Rouler sur un lac est une transgression. Seuls les dieux et les araignées marchent sur les eaux. J’ai ressenti trois fois l’impression de briser un tabou. La première, en contemplant le fonds de la mer d’Aral, vidée par les hommes. La seconde en lisant le journal intime d’une femme. La troisième, en roulant sur les eaux du lac Baïkal. Chaque fois, l’impression de déchirer un voile. L'œil regarde par le trou de la serrure.
Je suis seul. Les montagnes m'apparaissent plus sévères. Le paysage se révèle, intense. Le pays me saute au visage. C'est fou ce que l'homme accapare l'attention de l'homme. La présence des autres affadit le monde. La solitude est cette conquête qui vous rend jouissance des choses.
La pluie a été inventée pour que l'homme se sente heureux sous un toit.
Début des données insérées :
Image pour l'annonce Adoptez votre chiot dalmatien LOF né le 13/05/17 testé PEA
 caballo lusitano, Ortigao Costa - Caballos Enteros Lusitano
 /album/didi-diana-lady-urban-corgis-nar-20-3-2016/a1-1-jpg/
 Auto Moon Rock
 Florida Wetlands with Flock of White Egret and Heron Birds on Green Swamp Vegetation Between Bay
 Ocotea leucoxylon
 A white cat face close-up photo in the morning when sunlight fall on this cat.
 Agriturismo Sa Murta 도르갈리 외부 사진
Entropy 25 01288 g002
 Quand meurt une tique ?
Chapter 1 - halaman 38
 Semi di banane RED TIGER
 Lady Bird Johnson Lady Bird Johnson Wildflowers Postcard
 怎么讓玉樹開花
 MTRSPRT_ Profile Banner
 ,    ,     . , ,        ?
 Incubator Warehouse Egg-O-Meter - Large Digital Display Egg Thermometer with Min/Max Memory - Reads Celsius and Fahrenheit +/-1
J'ai atteint le débarcadère de ma vie.
Je vais enfin savoir si j'ai une vie intérieure.
Le brouillard a avalé le monde.
Qu'est ce que la société ? Le nom donné à ce faisceau de courants extérieurs qui pèsent sur le gouvernail de notre barque pour nous empêcher de la mener où bon nous semble.
Comment peut-on préférer mettre les oiseaux dans la mire d'un fusil plutôt que dans le verre d'une jumelle ?
La cabane, royaume de simplifications. Sous le couvert des pins, la vie se réduit à des gestes vitaux. Le temps arraché aux corvées quotidiennes est occupé au repos, à la contemplation et aux menues jouissances . L'éventail des choses à accomplir est réduit. Lire, tirer de l'eau, couper le bois, écrire et verses le thé deviennent des liturgies . En ville, chaque acte se déroule au détriment de milles autres. La forêt resserre ce que la ville disperse.
C'est décidé , on se décide à vivre en cabane, on s'imagine fumant le cigare devant le ciel, perdu dans ses méditations et l'on se retrouve à cocher des listes de vivres dans un cahier d'intendance. La vie, cette affaire d'épicerie.